CEVAP: Davalı vekili cevap dilekçesinde özetle; Müvekkilin davacıya herhangi bir borcu bulunmadığını, davacı tabloların satışına ve ödeme şartına ilişkin iddiasının ispatla yükümlü olmasına rağmen bu hususlar ispatlayamadığını, karşı tarafın sunduğunu iddia ettiği delilleri sunulmadığını, sunulmadığında da savunma hakkının kısıtlandığını, delillerin sunulması için karşı tarafa süre verilmesi, tebliğ edilecek delillere karşı itiraz hakkının saklı tutulduğunu, kabul anlamına gelmemekle birlikte davacı, 45 gün sonraki tarih olan 13/07/2019 tarihi itibariyle ödenmesi gereken 49.155,00-TL ödenmediğinin iddia edildiğini, hükmün tamamı okunduğunda ödeme tarihinin hesaba alınması gereken tarihin tahsilat tarihi olduğunun açıkça görüleceğini, iddiaların kabulü anlamına gelmemekle birlikte müvekkili şirketin sözleşmede kararlaştırılan komisyon bedelinin vergisi mahsup edilmeksizin tablolara ilişkin bedel talep edildiğini, bir an için davacının talebinin haklı olduğunun varsayılması durumunda belirtilen komisyon hakkının ve asgari satış bedelinin gözetilerek hesap yapılması gerektiğini, açıklanan ve resen göz önüne alınacak nedenlerle, müvekkilin davacı yana borcu bulunmadığından davanın reddinin gerektiğini, haksız ve kötü niyetli davacının İİK 67/2 maddesi gereğince %20’den az olmamak üzere, tazminata mahkum edilmesini, yargılama giderleri ve vekalet ücretinin davacı taraf üzerine bırakılmasına karar verilmesini talep etmiştir.

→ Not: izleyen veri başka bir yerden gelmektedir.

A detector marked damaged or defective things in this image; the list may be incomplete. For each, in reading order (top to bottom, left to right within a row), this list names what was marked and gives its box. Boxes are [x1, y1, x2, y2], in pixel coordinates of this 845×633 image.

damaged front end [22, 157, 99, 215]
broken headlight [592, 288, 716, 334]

DELİLLER VE GEREKÇE: Dava; konsinye tesellüm sözleşmesinden kaynaklı alacak istemi ile başlatılan icra takibine itirazın iptali istemine ilişkindir.

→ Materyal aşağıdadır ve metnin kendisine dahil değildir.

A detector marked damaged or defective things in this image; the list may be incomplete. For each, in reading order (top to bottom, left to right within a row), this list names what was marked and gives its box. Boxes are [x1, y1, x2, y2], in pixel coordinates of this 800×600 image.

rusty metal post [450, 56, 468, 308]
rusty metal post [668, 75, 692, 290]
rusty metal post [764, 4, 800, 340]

Yanlar arasındaki 22/05/2019 tarihli konsinye tesellüm sözleşmesi, satış tutanakları ile eserlerin çekiç fiyatlarını gösterir belgelerin ibraz edildiği görülmüştür.
…. İcra Müdürlüğü’nün 2019/… E. sayılı dosyası celp edilmiştir. Anılı takip dosyasının tetkikinde; davacı tarafından davalı aleyhine 49.155,00-TL ve 666,62-TL işlemiş faiz olmak üzere toplam 49.821,62-TL asıl alacağın takip tarihinden (fazlaya ilişkin hakları saklı kalmak kaydıyla) itibaren asıl alacağa işleyecek yıllık %9 oranında yasal faiz ile birlikte tahsili talebinde bulunduğu, davalı yanın itirazı üzerine takibin durduğu görülmüştür.
Mahkememizce görevlendirilen mali müşavir bilirkişi … ve sektör bilirkişi (Sanat tarihçi) bilirkişi … marifetiyle hazırlanan 04/03/2020 tarihli bilirkişi raporunda özetle; ”…Taraf beyanları, dosyaya sunulan bilgi ve belgeler, icra dosyası, taraflar arasında imzalanan sözleşme ve bütün dosya kapsamı üzerinde yapılan değerlendirmede, taraflar arasında imzalanan sözleşme ile davacıya ait 15 adet eserin, davalı tarafından satışının yapılacağını, satışı yapılan eserlerin çekiç satış fiyatı üzerinden %12 komisyon, %1 sigorta bedeli ve %12 KDV ile birlikte satış bedelinden mahsubu sonrasında, kalan bedelin eser sahibin müzayede tarihinden itibaren 45 gün sonra ödeneceğinin taraflarca kararlaştırıldığını, söz konusu 15 adet eserin çekiç satışları toplamının 56.500,00-TL olduğunu, %12 satış komisyonu, %1 sigorta ve %18 KDV düşümü sonrasında kalan bakiyenin 47.832,90-TL olduğu ve işbu tutarda davalının davacıya 15 adet eser satışından kaynaklı borcu olduğunun hesaplandığını, taraflarca sözleşme ile kararlaştırıldığı şekilde davalının, davacıya ait 15 adet eseri müzayede ile 28/05/2019 tarihinde satışını gerçekleştirildiğini, satış tarihinden itibaren 45 gün sonrası ödeme yapmaması üzerine 13/07/2019 tarihinde temerrüde düştüğünü, ödeme tarihi/temerrüt tarihinden, takip 08/09/2019 tarihine kadar 47.832,90-TL asıl alacak için %9 yasal faiz üzerinden hesaplanan 306,65-TL işlemiş faiz talep edebileceğini, asıl alacak için takip tarihinden itibaren %9 yasal faiz talebinin uygun talep olarak değerlendirildiğini, tarafların diğer taleplerinin mahkemenin takdirinde olduğunu…” mütalaa ettikleri anlaşılmıştır.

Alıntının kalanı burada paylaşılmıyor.